=== Your task ===
Begin at the line containing "YIHOUSE 5x7 Abstract" and retype each line through the end of the records exactly. Include nothing else and no pictures.

(Scraped caption text data)
>>>

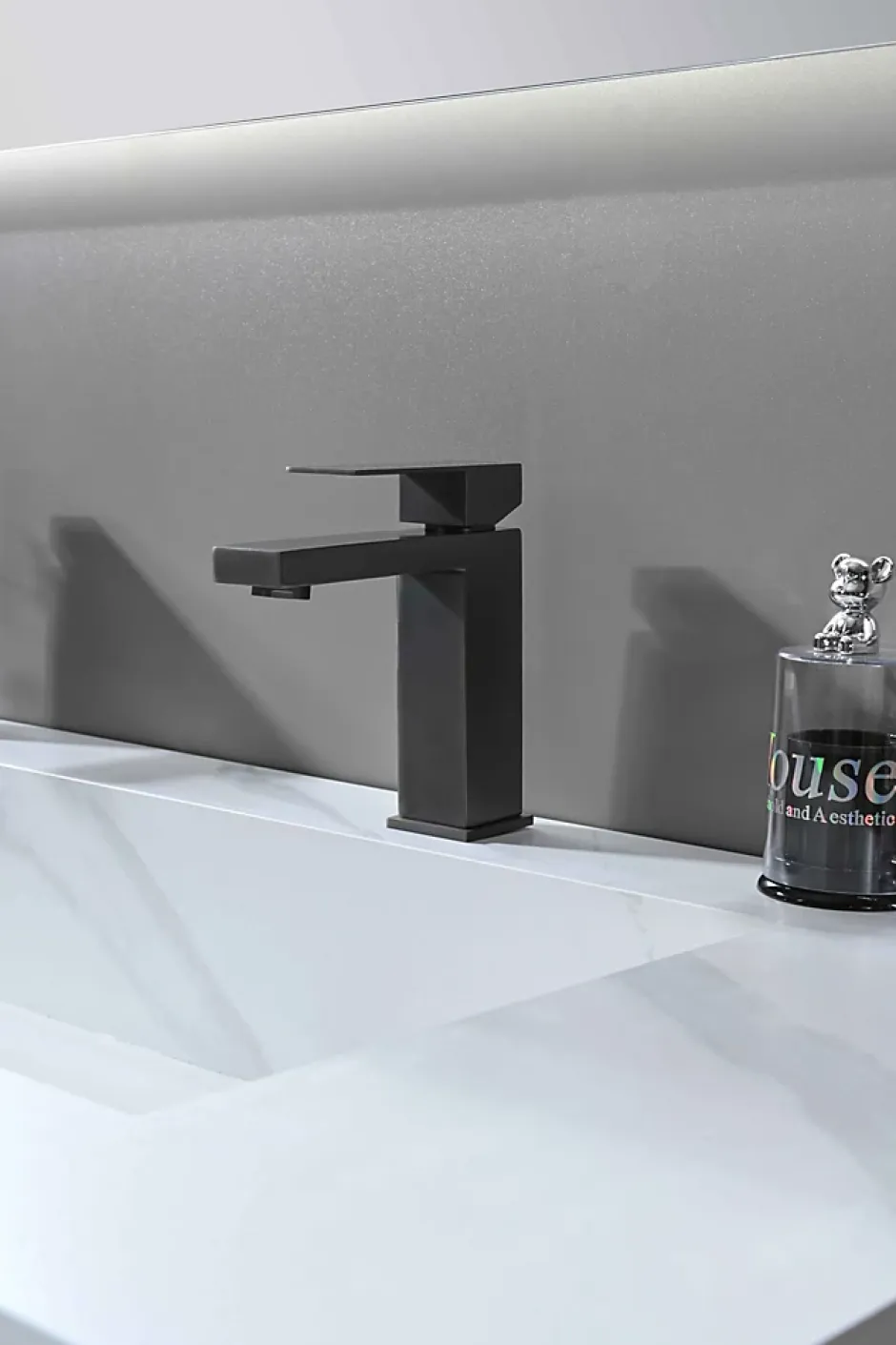 Luxury Bain Robinet, mitigeur de lavabo pour salle de bain carré (Gris brossé) LuxuryBain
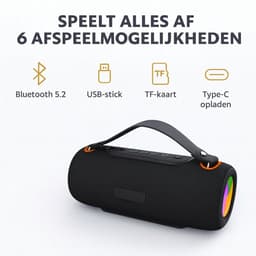 SyncGear Bluetooth Speaker 30W – Draagbare Draadloze Speaker met RGB Lichtshow - Muziekbox - Tot 20 uur - Geluidsbox - Zwart — thumbnail 3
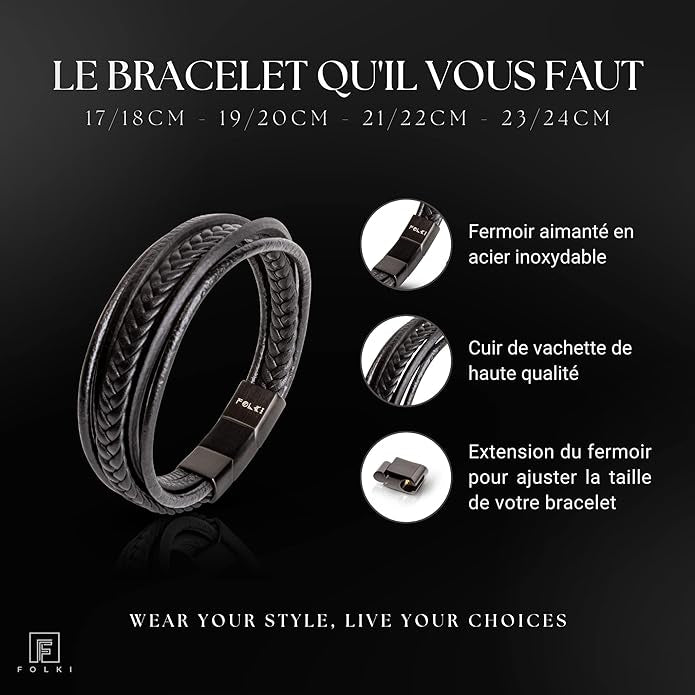 MBracelet Homme en Cuir Véritable Noir et Marron - Fermoir Magnétique en Acier Inoxydable - Bracelet en Cuir Tressé Multiple - Bijoux Homme avec Boîte de Luxe - Idée Cadeau pour Homme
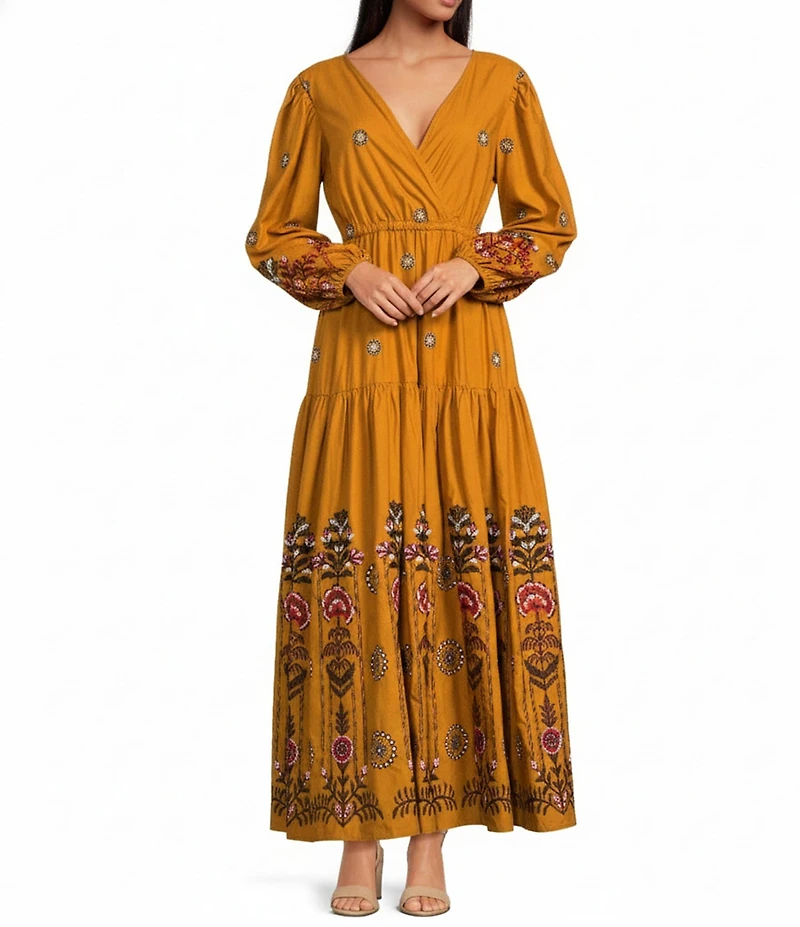 A Loves A Woven Floral Print Surplice Long Balloon Sleeve Tie Back Tiered A-Line Flounce Maxi Dress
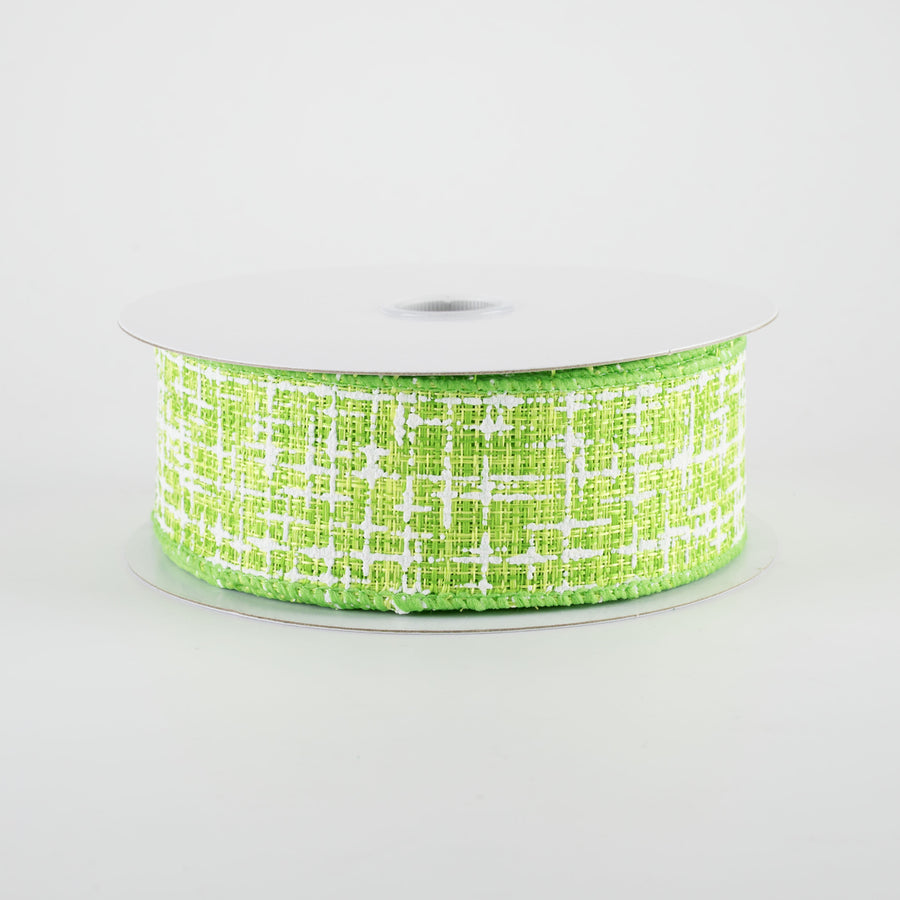 1.5" Embellished Tweed Ribbon: Lime Green & White (10 Yards)
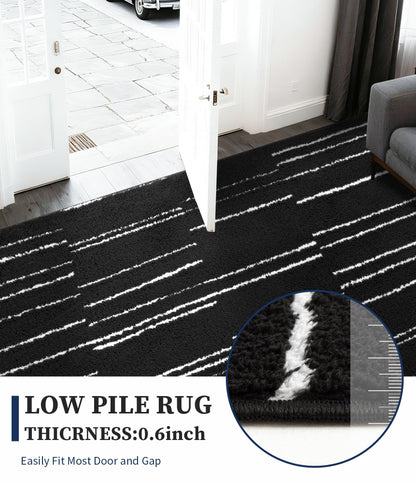 YIHOUSE 5x7 Abstract Striped Area Rug, Modern Washable Stain Resistant Rugs Non Slip, Soft Indoor Floor Carpet for Living Room, Bedroom,Dining Room, Black and White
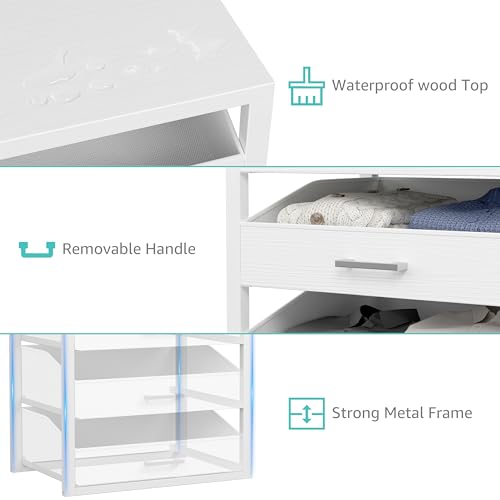 Closet Drawers White 3 Drawer Dresser for Closet Organizers and Storage Bedroom, view 6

<<<

=== Task solution ===
 YIHOUSE 5x7 Abstract Striped Area Rug, Modern Washable Stain Resistant Rugs Non Slip, Soft Indoor Floor Carpet for Living Room, Bedroom,Dining Room, Black and White
 Closet Drawers White 3 Drawer Dresser for Closet Organizers and Storage Bedroom, view 6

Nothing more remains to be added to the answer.